An adversary can set up a rogue AP with the same service set identifier (SSID) of the legitimate APs, and attract users to connect with it, so as to passively obtain user privacy information or actively perform man-in-the-middle (MITM) attack. 5 Moreover, in order to avoid being caught, adversaries usually capture the MAC address information of legitimate APs through passive monitoring and then modify the MAC address of the rogue AP by simply issuing an ifconfig command to masquerade as a legitimate AP. At present, the hardware cost of a rogue AP is low, and its software installation is also very convenient, which brings serious security threats to WLANs, especially public WLANs. The CCTV “3.15” evening party in 2015 reported the whole process of hackers using rogue APs to steal users’ photos, email accounts, passwords, and other private information. In recent years, some cases of personal property loss have occurred frequently, and bank accounts and passwords have been stolen because of misuse of rogue APs in public WLANs. Within the enterprise, the rogue AP attack has become an effective approach for hackers to invade internal networks, which poses a great threat to intranet security. Moreover, the performance of enterprise WLANs is being significantly impacted by the ever-increasing rogue APs due to the carrier sense interference and hidden terminal interference. 6 Because the vast majority of existing user devices lack the recognition and authentication mechanisms for the APs, it is impossible to effectively distinguish legitimate APs from rogue APs. Therefore, it is necessary to study the rogue AP detection technology, which is the premise and basis for locating and troubleshooting rogue APs.
The existing solutions of rogue AP detection mainly include the following three aspects, that is, user-side detection, wired-side detection, and wireless-side detection. Through using user-side detection methods,4,7–9 a user device can determine whether its associated AP is a rogue AP. Although these solutions are lightweight and low cost, the user devices need to be customized or additional software should be installed.

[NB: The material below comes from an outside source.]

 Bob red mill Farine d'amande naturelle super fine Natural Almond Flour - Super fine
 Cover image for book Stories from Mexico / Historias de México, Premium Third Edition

Thus, it is hard to be widely applied for user-side detection, while the detection from the perspective of network management has more advantages. Among them, the wired-side detection methods10–12 assume that the adversary will use a specific wired backbone network to pass victims’ data to the Internet and achieve rogue AP detection by monitoring the backbone network and looking for the traffic that appears to come from rogue APs. However, this assumption limits the application scope because the adversary may use the same wired backbone network with legitimate APs, or use a different way, such as 4G long term evolution (LTE) and other mobile communication networks. Besides wired-side detection, another approach is to detect rogue APs in the wireless side,13–22 which directly senses the signals of rogue APs in the air and detects them according to the characteristics of the signals, such as clock skew and received signal strength (RSS). An RSS value is the signal strength of a received frame measured at the sniffer, and the signal strength of the frame measured at multiple sniffers can constitute an RSS vector. Because RSS is correlated to the transmission power, the transmitter–receiver distance, and the environment, the RSS vectors of frames at one location will differ from that at another location. Therefore, the RSS vectors can be used to effectively detect the rogue APs that have different locations than legitimate APs, where a multi-dimensional RSS vector is aggregated from distributed RSS measurements.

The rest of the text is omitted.